◆ **Description of the task**
Start at the top and transcribe every record through the final line exactly.

[Records from a data collection]
☆ ☆ ☆ ☆
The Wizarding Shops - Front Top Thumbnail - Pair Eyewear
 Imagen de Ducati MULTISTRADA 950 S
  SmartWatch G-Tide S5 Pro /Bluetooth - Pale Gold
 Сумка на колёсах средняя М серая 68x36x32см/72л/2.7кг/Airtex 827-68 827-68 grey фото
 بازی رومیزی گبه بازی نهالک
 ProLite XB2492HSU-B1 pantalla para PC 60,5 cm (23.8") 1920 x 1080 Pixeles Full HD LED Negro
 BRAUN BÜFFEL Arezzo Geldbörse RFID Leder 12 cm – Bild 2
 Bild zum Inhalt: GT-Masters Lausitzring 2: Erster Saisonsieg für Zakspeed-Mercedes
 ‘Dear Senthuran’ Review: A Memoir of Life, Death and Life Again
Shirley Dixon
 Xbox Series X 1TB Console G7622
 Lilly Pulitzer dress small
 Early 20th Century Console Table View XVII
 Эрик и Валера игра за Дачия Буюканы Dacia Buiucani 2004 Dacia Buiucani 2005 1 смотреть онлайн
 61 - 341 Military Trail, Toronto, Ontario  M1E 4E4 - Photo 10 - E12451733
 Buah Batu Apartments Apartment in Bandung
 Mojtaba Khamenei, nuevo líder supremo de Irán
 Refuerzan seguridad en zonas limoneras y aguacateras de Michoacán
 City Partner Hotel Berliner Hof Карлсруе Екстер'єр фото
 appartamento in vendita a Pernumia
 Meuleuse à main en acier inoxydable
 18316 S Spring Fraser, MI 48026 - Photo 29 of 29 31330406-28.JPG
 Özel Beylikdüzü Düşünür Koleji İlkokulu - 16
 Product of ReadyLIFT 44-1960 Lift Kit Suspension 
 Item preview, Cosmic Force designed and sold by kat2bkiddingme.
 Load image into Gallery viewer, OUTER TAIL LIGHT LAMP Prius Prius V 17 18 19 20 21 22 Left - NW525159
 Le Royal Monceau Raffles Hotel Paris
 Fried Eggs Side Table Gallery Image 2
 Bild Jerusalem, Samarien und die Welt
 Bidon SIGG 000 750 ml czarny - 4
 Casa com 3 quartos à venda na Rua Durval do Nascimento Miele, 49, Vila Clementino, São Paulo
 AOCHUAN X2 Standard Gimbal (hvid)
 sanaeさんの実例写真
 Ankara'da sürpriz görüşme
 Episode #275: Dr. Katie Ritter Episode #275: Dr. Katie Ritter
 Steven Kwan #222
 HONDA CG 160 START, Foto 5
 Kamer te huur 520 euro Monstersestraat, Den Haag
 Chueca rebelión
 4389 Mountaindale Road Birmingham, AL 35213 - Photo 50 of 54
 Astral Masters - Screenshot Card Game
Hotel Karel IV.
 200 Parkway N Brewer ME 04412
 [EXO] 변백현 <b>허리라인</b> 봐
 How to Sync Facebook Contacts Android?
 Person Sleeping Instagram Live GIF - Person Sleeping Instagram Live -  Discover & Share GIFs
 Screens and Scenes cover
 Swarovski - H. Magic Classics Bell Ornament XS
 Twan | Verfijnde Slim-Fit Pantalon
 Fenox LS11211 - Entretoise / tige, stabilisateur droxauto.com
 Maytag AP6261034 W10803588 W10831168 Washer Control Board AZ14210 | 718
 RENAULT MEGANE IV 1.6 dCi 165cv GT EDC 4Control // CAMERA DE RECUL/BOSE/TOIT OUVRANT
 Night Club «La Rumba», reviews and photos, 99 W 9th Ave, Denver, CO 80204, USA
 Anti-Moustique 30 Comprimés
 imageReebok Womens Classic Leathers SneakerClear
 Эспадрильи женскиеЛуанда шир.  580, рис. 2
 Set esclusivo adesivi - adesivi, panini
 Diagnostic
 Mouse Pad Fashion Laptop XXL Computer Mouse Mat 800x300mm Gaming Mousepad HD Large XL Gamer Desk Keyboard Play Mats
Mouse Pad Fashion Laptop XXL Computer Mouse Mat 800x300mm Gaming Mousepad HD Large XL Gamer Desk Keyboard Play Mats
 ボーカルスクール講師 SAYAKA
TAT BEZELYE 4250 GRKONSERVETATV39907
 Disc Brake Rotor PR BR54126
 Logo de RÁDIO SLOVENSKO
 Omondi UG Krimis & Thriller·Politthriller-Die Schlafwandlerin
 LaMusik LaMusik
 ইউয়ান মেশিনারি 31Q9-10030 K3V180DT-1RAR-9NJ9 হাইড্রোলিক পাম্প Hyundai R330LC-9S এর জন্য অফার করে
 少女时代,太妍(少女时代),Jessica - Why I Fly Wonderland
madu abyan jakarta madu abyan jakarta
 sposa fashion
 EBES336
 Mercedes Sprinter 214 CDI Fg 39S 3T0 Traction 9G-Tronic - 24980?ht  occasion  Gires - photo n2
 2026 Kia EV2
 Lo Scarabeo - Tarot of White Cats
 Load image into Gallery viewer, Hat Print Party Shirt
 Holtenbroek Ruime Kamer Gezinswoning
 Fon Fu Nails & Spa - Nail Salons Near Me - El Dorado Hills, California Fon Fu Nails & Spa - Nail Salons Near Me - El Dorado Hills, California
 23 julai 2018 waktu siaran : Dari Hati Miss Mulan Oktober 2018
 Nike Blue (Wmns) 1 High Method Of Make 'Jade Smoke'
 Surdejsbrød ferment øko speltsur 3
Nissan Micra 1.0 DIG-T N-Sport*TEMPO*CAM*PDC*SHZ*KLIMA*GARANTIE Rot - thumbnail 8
☆ ☆ ☆ ☆
◆ **Expected answer**
The Wizarding Shops - Front Top Thumbnail - Pair Eyewear
 Imagen de Ducati MULTISTRADA 950 S
  SmartWatch G-Tide S5 Pro /Bluetooth - Pale Gold
 Сумка на колёсах средняя М серая 68x36x32см/72л/2.7кг/Airtex 827-68 827-68 grey фото
 بازی رومیزی گبه بازی نهالک
 ProLite XB2492HSU-B1 pantalla para PC 60,5 cm (23.8") 1920 x 1080 Pixeles Full HD LED Negro
 BRAUN BÜFFEL Arezzo Geldbörse RFID Leder 12 cm – Bild 2
 Bild zum Inhalt: GT-Masters Lausitzring 2: Erster Saisonsieg für Zakspeed-Mercedes
 ‘Dear Senthuran’ Review: A Memoir of Life, Death and Life Again
Shirley Dixon
 Xbox Series X 1TB Console G7622
 Lilly Pulitzer dress small
 Early 20th Century Console Table View XVII
 Эрик и Валера игра за Дачия Буюканы Dacia Buiucani 2004 Dacia Buiucani 2005 1 смотреть онлайн
 61 - 341 Military Trail, Toronto, Ontario  M1E 4E4 - Photo 10 - E12451733
 Buah Batu Apartments Apartment in Bandung
 Mojtaba Khamenei, nuevo líder supremo de Irán
 Refuerzan seguridad en zonas limoneras y aguacateras de Michoacán
 City Partner Hotel Berliner Hof Карлсруе Екстер'єр фото
 appartamento in vendita a Pernumia
 Meuleuse à main en acier inoxydable
 18316 S Spring Fraser, MI 48026 - Photo 29 of 29 31330406-28.JPG
 Özel Beylikdüzü Düşünür Koleji İlkokulu - 16
 Product of ReadyLIFT 44-1960 Lift Kit Suspension 
 Item preview, Cosmic Force designed and sold by kat2bkiddingme.
 Load image into Gallery viewer, OUTER TAIL LIGHT LAMP Prius Prius V 17 18 19 20 21 22 Left - NW525159
 Le Royal Monceau Raffles Hotel Paris
 Fried Eggs Side Table Gallery Image 2
 Bild Jerusalem, Samarien und die Welt
 Bidon SIGG 000 750 ml czarny - 4
 Casa com 3 quartos à venda na Rua Durval do Nascimento Miele, 49, Vila Clementino, São Paulo
 AOCHUAN X2 Standard Gimbal (hvid)
 sanaeさんの実例写真
 Ankara'da sürpriz görüşme
 Episode #275: Dr. Katie Ritter Episode #275: Dr. Katie Ritter
 Steven Kwan #222
 HONDA CG 160 START, Foto 5
 Kamer te huur 520 euro Monstersestraat, Den Haag
 Chueca rebelión
 4389 Mountaindale Road Birmingham, AL 35213 - Photo 50 of 54
 Astral Masters - Screenshot Card Game
Hotel Karel IV.
 200 Parkway N Brewer ME 04412
 [EXO] 변백현 <b>허리라인</b> 봐
 How to Sync Facebook Contacts Android?
 Person Sleeping Instagram Live GIF - Person Sleeping Instagram Live -  Discover & Share GIFs
 Screens and Scenes cover
 Swarovski - H. Magic Classics Bell Ornament XS
 Twan | Verfijnde Slim-Fit Pantalon
 Fenox LS11211 - Entretoise / tige, stabilisateur droxauto.com
 Maytag AP6261034 W10803588 W10831168 Washer Control Board AZ14210 | 718
 RENAULT MEGANE IV 1.6 dCi 165cv GT EDC 4Control // CAMERA DE RECUL/BOSE/TOIT OUVRANT
 Night Club «La Rumba», reviews and photos, 99 W 9th Ave, Denver, CO 80204, USA
 Anti-Moustique 30 Comprimés
 imageReebok Womens Classic Leathers SneakerClear
 Эспадрильи женскиеЛуанда шир.  580, рис. 2
 Set esclusivo adesivi - adesivi, panini
 Diagnostic
 Mouse Pad Fashion Laptop XXL Computer Mouse Mat 800x300mm Gaming Mousepad HD Large XL Gamer Desk Keyboard Play Mats
Mouse Pad Fashion Laptop XXL Computer Mouse Mat 800x300mm Gaming Mousepad HD Large XL Gamer Desk Keyboard Play Mats
 ボーカルスクール講師 SAYAKA
TAT BEZELYE 4250 GRKONSERVETATV39907
 Disc Brake Rotor PR BR54126
 Logo de RÁDIO SLOVENSKO
 Omondi UG Krimis & Thriller·Politthriller-Die Schlafwandlerin
 LaMusik LaMusik
 ইউয়ান মেশিনারি 31Q9-10030 K3V180DT-1RAR-9NJ9 হাইড্রোলিক পাম্প Hyundai R330LC-9S এর জন্য অফার করে
 少女时代,太妍(少女时代),Jessica - Why I Fly Wonderland
madu abyan jakarta madu abyan jakarta
 sposa fashion
 EBES336
 Mercedes Sprinter 214 CDI Fg 39S 3T0 Traction 9G-Tronic - 24980?ht  occasion  Gires - photo n2
 2026 Kia EV2
 Lo Scarabeo - Tarot of White Cats
 Load image into Gallery viewer, Hat Print Party Shirt
 Holtenbroek Ruime Kamer Gezinswoning
 Fon Fu Nails & Spa - Nail Salons Near Me - El Dorado Hills, California Fon Fu Nails & Spa - Nail Salons Near Me - El Dorado Hills, California
 23 julai 2018 waktu siaran : Dari Hati Miss Mulan Oktober 2018
 Nike Blue (Wmns) 1 High Method Of Make 'Jade Smoke'
 Surdejsbrød ferment øko speltsur 3
Nissan Micra 1.0 DIG-T N-Sport*TEMPO*CAM*PDC*SHZ*KLIMA*GARANTIE Rot - thumbnail 8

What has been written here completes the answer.